**DATASET EXTRACT:**
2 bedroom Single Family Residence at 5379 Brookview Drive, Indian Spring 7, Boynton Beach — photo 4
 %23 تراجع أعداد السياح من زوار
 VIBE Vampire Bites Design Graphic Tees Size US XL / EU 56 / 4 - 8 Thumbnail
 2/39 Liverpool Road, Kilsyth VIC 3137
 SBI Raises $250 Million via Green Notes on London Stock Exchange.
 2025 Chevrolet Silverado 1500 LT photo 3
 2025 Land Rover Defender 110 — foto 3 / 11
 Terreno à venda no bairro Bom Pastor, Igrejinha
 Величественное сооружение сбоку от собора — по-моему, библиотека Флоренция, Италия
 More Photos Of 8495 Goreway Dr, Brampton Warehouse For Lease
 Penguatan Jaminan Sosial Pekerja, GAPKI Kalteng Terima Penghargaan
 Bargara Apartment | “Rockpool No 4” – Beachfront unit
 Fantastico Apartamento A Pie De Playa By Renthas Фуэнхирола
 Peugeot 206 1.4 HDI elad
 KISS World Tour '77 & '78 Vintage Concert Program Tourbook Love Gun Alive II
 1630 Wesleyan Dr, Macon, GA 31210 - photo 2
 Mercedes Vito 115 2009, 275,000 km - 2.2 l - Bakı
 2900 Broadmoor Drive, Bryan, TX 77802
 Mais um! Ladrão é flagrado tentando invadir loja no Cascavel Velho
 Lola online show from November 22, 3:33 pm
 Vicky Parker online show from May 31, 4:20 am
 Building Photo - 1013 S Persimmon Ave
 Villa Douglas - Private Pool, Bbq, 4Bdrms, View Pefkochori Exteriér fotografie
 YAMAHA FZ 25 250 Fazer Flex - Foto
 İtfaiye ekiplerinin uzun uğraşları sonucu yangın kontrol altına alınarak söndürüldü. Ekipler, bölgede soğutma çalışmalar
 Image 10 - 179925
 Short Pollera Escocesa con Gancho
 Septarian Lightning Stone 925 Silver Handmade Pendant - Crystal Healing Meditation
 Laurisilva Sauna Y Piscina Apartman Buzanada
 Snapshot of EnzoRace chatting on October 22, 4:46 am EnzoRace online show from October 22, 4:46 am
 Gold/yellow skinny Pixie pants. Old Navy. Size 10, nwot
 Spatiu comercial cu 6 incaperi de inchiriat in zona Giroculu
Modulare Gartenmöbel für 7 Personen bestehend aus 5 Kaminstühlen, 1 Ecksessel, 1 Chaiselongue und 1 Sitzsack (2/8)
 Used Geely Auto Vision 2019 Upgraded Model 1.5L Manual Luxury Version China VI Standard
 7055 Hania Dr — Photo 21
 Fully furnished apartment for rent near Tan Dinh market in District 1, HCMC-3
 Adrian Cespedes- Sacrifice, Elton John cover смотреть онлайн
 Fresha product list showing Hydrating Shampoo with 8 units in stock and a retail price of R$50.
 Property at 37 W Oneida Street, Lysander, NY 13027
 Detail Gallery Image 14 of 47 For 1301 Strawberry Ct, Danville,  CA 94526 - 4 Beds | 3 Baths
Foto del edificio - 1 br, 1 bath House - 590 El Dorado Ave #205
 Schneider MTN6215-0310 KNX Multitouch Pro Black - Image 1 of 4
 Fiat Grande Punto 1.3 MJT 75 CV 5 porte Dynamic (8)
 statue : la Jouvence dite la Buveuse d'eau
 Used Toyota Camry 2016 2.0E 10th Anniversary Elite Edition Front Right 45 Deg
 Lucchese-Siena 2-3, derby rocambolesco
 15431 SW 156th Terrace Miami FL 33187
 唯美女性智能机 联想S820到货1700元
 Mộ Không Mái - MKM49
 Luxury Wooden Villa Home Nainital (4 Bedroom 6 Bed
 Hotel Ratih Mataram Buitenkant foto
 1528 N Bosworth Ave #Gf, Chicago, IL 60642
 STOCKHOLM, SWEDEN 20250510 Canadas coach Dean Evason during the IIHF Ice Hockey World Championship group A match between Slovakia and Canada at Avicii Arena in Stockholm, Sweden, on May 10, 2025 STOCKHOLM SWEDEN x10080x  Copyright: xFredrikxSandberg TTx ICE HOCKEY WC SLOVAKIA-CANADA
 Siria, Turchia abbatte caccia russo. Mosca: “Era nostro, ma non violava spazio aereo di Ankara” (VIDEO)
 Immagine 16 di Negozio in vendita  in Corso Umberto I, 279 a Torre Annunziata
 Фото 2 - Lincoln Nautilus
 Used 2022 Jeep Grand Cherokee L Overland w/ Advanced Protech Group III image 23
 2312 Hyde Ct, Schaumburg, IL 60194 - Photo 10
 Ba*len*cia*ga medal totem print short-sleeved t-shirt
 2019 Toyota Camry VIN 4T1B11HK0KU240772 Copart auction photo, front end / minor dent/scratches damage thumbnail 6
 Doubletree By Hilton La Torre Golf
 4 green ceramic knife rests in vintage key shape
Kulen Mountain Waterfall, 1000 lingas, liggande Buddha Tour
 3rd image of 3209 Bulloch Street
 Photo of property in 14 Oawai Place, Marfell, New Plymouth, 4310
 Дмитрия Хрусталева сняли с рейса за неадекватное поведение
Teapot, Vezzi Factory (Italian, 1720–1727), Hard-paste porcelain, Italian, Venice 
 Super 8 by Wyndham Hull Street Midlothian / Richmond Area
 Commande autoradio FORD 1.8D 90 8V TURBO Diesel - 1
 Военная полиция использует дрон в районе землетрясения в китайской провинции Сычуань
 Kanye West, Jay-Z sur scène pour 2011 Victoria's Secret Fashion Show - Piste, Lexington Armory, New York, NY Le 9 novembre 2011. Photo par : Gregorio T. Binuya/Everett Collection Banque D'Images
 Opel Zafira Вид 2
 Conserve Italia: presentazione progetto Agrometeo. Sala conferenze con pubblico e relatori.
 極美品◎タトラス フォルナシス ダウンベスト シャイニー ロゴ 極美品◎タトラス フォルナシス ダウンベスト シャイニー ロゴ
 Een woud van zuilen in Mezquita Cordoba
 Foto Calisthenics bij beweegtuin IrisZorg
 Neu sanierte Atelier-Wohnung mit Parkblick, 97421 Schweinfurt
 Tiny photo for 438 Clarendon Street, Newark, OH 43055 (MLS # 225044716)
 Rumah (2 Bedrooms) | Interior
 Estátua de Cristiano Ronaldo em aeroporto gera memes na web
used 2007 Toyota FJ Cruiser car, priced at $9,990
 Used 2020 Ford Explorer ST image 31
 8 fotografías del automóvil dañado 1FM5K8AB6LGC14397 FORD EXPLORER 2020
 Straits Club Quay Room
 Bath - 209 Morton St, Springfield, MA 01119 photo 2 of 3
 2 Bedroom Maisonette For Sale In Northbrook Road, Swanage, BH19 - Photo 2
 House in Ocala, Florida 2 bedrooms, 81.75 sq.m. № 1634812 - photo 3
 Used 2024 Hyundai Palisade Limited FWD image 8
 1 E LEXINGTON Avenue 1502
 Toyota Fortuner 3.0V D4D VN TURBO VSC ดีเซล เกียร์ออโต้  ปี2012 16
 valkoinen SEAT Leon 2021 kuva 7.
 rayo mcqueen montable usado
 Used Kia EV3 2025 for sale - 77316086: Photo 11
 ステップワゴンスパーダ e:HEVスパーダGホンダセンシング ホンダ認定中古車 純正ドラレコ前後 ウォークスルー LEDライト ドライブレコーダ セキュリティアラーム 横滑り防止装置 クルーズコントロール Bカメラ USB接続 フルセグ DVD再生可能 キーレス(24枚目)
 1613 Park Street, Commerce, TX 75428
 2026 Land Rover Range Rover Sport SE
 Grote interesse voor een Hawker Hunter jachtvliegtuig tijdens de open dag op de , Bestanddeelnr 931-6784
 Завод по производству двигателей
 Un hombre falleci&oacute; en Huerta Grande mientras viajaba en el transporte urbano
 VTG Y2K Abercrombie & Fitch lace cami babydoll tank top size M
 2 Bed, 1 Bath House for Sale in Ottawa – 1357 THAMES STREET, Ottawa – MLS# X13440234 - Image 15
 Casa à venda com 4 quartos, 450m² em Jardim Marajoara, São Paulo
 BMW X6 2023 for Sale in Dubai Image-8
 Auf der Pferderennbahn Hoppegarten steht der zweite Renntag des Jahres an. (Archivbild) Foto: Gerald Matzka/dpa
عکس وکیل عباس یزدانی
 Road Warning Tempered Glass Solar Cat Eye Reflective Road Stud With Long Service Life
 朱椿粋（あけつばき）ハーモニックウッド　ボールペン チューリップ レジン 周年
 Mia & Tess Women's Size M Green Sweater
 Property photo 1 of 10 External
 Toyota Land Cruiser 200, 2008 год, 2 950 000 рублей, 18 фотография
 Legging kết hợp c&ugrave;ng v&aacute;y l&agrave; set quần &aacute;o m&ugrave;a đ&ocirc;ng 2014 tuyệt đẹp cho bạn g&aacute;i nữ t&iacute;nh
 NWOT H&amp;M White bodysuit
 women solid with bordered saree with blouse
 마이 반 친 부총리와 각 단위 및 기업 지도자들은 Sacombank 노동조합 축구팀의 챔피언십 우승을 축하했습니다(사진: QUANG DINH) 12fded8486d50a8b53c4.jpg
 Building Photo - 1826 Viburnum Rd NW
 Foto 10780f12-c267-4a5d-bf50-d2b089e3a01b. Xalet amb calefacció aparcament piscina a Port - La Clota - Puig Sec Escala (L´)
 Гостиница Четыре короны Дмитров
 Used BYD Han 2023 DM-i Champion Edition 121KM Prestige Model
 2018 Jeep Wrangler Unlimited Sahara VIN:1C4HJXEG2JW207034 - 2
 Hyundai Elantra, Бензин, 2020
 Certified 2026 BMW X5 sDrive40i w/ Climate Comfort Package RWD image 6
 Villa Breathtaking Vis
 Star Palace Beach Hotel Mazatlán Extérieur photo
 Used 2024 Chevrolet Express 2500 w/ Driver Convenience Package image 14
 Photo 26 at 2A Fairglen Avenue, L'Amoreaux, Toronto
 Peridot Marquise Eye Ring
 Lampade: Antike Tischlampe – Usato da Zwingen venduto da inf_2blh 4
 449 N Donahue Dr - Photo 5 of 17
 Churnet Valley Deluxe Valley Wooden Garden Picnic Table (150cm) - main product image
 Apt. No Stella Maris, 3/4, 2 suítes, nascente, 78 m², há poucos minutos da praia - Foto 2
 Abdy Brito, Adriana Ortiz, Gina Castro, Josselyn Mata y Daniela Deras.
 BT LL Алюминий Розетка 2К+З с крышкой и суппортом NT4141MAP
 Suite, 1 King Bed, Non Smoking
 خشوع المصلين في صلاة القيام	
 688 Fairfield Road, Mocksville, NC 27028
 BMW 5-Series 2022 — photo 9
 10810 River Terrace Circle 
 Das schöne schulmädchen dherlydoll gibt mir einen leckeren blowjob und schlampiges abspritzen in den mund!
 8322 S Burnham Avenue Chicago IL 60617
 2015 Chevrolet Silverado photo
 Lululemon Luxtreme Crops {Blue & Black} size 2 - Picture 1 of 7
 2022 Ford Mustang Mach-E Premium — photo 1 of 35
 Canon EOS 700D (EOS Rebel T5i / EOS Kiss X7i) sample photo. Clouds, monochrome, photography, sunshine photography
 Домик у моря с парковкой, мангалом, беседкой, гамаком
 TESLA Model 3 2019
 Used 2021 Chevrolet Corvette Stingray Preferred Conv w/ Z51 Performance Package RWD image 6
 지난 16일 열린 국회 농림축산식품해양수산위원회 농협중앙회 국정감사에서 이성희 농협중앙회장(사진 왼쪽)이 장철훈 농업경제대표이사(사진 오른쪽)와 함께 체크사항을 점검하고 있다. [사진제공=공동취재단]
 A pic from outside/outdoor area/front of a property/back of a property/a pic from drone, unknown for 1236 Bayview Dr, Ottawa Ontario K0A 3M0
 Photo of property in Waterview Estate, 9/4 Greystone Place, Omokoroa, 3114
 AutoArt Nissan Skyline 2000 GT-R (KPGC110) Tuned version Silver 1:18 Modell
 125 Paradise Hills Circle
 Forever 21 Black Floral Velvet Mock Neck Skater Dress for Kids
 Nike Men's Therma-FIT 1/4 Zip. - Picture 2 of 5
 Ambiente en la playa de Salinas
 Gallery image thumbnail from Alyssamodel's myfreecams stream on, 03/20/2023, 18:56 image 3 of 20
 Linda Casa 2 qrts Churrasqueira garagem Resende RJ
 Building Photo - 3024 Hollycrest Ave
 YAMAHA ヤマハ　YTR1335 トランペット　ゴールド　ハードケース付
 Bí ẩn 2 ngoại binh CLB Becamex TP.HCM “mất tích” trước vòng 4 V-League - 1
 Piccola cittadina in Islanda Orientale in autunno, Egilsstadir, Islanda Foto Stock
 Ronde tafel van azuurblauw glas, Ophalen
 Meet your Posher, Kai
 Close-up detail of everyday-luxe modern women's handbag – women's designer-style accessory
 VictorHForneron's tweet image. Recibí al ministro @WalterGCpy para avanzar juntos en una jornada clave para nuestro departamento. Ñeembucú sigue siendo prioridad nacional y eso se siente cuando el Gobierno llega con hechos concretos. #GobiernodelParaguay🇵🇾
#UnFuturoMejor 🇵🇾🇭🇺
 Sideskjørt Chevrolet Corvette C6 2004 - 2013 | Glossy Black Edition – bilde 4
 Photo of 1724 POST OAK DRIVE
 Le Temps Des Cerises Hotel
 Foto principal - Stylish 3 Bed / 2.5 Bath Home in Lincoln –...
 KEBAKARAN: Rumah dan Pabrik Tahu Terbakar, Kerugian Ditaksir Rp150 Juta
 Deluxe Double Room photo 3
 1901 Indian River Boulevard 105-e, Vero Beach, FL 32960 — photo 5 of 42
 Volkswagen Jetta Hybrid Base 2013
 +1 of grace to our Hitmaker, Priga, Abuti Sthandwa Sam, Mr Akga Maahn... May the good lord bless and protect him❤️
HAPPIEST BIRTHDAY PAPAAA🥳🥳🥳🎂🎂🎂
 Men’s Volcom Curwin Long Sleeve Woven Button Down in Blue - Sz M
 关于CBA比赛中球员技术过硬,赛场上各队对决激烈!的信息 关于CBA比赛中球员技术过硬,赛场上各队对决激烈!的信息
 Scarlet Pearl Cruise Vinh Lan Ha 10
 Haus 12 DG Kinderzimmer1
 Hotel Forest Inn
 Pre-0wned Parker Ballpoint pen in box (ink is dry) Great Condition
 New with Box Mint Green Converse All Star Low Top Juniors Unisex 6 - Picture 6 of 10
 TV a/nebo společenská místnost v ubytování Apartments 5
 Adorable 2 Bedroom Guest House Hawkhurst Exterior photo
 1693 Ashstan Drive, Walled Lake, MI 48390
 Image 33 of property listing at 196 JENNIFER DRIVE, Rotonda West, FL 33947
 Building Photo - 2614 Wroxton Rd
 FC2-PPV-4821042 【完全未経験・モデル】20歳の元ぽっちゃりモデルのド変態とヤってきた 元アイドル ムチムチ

**WORK TO BE COMPLETED:** What you give back must be the stretch above, starting at the line with "Villa Breathtaking Vis" and ending at the line with "125 Paradise Hills Circle", copied exactly.

**WRITTEN ANSWER:**
 Villa Breathtaking Vis
 Star Palace Beach Hotel Mazatlán Extérieur photo
 Used 2024 Chevrolet Express 2500 w/ Driver Convenience Package image 14
 Photo 26 at 2A Fairglen Avenue, L'Amoreaux, Toronto
 Peridot Marquise Eye Ring
 Lampade: Antike Tischlampe – Usato da Zwingen venduto da inf_2blh 4
 449 N Donahue Dr - Photo 5 of 17
 Churnet Valley Deluxe Valley Wooden Garden Picnic Table (150cm) - main product image
 Apt. No Stella Maris, 3/4, 2 suítes, nascente, 78 m², há poucos minutos da praia - Foto 2
 Abdy Brito, Adriana Ortiz, Gina Castro, Josselyn Mata y Daniela Deras.
 BT LL Алюминий Розетка 2К+З с крышкой и суппортом NT4141MAP
 Suite, 1 King Bed, Non Smoking
 خشوع المصلين في صلاة القيام	
 688 Fairfield Road, Mocksville, NC 27028
 BMW 5-Series 2022 — photo 9
 10810 River Terrace Circle 
 Das schöne schulmädchen dherlydoll gibt mir einen leckeren blowjob und schlampiges abspritzen in den mund!
 8322 S Burnham Avenue Chicago IL 60617
 2015 Chevrolet Silverado photo
 Lululemon Luxtreme Crops {Blue & Black} size 2 - Picture 1 of 7
 2022 Ford Mustang Mach-E Premium — photo 1 of 35
 Canon EOS 700D (EOS Rebel T5i / EOS Kiss X7i) sample photo. Clouds, monochrome, photography, sunshine photography
 Домик у моря с парковкой, мангалом, беседкой, гамаком
 TESLA Model 3 2019
 Used 2021 Chevrolet Corvette Stingray Preferred Conv w/ Z51 Performance Package RWD image 6
 지난 16일 열린 국회 농림축산식품해양수산위원회 농협중앙회 국정감사에서 이성희 농협중앙회장(사진 왼쪽)이 장철훈 농업경제대표이사(사진 오른쪽)와 함께 체크사항을 점검하고 있다. [사진제공=공동취재단]
 A pic from outside/outdoor area/front of a property/back of a property/a pic from drone, unknown for 1236 Bayview Dr, Ottawa Ontario K0A 3M0
 Photo of property in Waterview Estate, 9/4 Greystone Place, Omokoroa, 3114
 AutoArt Nissan Skyline 2000 GT-R (KPGC110) Tuned version Silver 1:18 Modell
 125 Paradise Hills Circle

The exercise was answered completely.